Similarly they've killed small talk with friends I do see regularly, we already know "what you did last weekend."

Saucer51

I do wonder if things carry on the way they are, if our accepted written language will evolve and change much quicker than it traditionally has. Will text spelling one day be an accepted kind of formal English?

Ginyard

It will be reduced to the most economical of sentences. Eventually there will be just one word that says everything we need to say. Films will be a series of shots so snappy and quick that we can process the entire thing in 10 seconds. Books will be summarised in a picture and music will have long since died. We'll be bored so quickly we wont be able to function after that so will hang ourselves at birth.
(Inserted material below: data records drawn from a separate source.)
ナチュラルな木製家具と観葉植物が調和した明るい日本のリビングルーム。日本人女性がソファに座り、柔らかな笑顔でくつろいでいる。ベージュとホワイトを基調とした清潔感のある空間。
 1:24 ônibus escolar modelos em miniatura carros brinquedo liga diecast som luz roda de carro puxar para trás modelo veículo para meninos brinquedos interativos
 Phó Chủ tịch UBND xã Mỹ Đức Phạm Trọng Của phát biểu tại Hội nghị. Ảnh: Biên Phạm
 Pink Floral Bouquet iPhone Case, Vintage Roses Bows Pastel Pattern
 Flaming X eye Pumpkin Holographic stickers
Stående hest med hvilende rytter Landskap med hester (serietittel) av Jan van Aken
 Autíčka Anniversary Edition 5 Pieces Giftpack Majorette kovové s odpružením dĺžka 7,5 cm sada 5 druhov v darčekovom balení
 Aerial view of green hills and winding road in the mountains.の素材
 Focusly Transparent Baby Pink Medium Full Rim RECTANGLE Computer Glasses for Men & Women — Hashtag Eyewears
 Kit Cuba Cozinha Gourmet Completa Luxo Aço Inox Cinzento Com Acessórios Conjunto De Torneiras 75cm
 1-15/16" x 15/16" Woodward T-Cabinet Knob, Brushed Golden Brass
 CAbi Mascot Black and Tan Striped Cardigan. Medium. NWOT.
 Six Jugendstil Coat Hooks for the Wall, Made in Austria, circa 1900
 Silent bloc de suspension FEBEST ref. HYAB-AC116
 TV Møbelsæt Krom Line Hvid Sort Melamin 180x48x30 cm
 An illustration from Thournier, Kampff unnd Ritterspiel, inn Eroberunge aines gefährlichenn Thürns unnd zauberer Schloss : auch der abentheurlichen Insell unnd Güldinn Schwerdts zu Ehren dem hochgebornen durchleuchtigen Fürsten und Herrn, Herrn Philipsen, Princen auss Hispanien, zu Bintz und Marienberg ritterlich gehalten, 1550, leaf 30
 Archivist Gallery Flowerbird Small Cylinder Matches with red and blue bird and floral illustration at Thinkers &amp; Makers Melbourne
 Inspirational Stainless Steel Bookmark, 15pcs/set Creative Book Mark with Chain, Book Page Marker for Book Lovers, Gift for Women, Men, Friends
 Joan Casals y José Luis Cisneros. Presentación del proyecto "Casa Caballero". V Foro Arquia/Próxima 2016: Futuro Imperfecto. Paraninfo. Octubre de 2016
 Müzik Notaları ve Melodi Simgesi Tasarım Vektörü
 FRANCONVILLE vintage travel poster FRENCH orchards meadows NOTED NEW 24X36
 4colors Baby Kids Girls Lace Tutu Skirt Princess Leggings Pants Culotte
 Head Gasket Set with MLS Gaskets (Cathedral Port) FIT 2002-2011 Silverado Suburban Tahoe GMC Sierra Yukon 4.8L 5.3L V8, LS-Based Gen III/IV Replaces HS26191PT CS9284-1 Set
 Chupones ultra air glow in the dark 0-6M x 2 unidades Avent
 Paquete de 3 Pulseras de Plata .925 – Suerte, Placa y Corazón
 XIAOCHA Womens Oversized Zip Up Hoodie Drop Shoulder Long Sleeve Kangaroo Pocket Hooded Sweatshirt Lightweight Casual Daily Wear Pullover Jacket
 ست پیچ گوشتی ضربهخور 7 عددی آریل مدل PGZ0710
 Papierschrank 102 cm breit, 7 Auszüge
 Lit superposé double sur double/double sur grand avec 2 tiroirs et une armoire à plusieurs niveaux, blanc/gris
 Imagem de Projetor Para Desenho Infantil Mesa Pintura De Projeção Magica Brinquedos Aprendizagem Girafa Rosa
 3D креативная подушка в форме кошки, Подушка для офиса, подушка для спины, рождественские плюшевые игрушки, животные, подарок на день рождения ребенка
You heard it here first, folks.

Neomod

Oh my God. I'm back. I'm home. All the time, it was... We finally really did it.
You Maniacs! You reduced it to nothing! Rr, dam U! God dam u all 2 hell!

small_world

Quote from: Saucer51 on September 11, 2011, 09:58:20 AM
I do wonder if things carry on the way they are, if our accepted written language will evolve and change much quicker than it traditionally has. Will text spelling one day be an accepted kind of formal English?
I've think it'll be the opposite.
Mobiles now, like androids and iphones, use predictive text. So you'll enter a few letters and it'll choose the word.
I don't know what effect that'll have in the long term, but I've noticed a huge improvement in spelling from my friends.

This kind of thing thought is a weird sides effective.

I think this new era of predictive keyboards will result in more smileys with noses.